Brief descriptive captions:
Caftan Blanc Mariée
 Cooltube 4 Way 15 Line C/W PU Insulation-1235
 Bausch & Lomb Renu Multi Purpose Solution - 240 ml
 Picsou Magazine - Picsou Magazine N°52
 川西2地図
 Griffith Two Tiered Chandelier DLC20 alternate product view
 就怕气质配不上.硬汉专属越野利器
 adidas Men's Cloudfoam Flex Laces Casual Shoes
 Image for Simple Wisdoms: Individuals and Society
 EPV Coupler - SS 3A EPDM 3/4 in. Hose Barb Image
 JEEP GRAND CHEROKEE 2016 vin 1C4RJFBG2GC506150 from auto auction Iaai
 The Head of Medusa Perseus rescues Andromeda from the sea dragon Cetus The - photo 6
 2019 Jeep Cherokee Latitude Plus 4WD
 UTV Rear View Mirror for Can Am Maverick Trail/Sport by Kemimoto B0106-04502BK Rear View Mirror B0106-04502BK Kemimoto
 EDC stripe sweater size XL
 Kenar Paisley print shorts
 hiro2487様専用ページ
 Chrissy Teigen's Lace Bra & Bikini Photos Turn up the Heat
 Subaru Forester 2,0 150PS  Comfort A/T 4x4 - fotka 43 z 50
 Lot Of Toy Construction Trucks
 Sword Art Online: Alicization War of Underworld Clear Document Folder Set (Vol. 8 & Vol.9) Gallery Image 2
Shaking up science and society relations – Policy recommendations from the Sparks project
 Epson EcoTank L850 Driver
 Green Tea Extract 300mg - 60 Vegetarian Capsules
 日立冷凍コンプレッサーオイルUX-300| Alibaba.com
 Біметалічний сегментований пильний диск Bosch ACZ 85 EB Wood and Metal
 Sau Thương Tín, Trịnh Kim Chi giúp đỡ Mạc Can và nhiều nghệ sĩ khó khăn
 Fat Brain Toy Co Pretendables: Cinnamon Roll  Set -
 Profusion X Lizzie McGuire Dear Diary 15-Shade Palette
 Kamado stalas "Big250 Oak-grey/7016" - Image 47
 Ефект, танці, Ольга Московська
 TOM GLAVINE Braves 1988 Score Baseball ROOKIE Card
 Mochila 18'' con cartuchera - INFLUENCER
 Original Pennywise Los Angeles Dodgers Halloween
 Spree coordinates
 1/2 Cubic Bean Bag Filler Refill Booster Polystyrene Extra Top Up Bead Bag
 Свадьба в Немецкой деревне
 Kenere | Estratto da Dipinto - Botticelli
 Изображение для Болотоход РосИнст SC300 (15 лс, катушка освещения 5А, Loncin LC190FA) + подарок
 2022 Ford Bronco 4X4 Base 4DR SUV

Work order: Copy exactly the lines that run from the first line of the data to the line containing "UTV Rear View", please, with both ends included and nothing else.

Exercise result:
Caftan Blanc Mariée
 Cooltube 4 Way 15 Line C/W PU Insulation-1235
 Bausch & Lomb Renu Multi Purpose Solution - 240 ml
 Picsou Magazine - Picsou Magazine N°52
 川西2地図
 Griffith Two Tiered Chandelier DLC20 alternate product view
 就怕气质配不上.硬汉专属越野利器
 adidas Men's Cloudfoam Flex Laces Casual Shoes
 Image for Simple Wisdoms: Individuals and Society
 EPV Coupler - SS 3A EPDM 3/4 in. Hose Barb Image
 JEEP GRAND CHEROKEE 2016 vin 1C4RJFBG2GC506150 from auto auction Iaai
 The Head of Medusa Perseus rescues Andromeda from the sea dragon Cetus The - photo 6
 2019 Jeep Cherokee Latitude Plus 4WD
 UTV Rear View Mirror for Can Am Maverick Trail/Sport by Kemimoto B0106-04502BK Rear View Mirror B0106-04502BK Kemimoto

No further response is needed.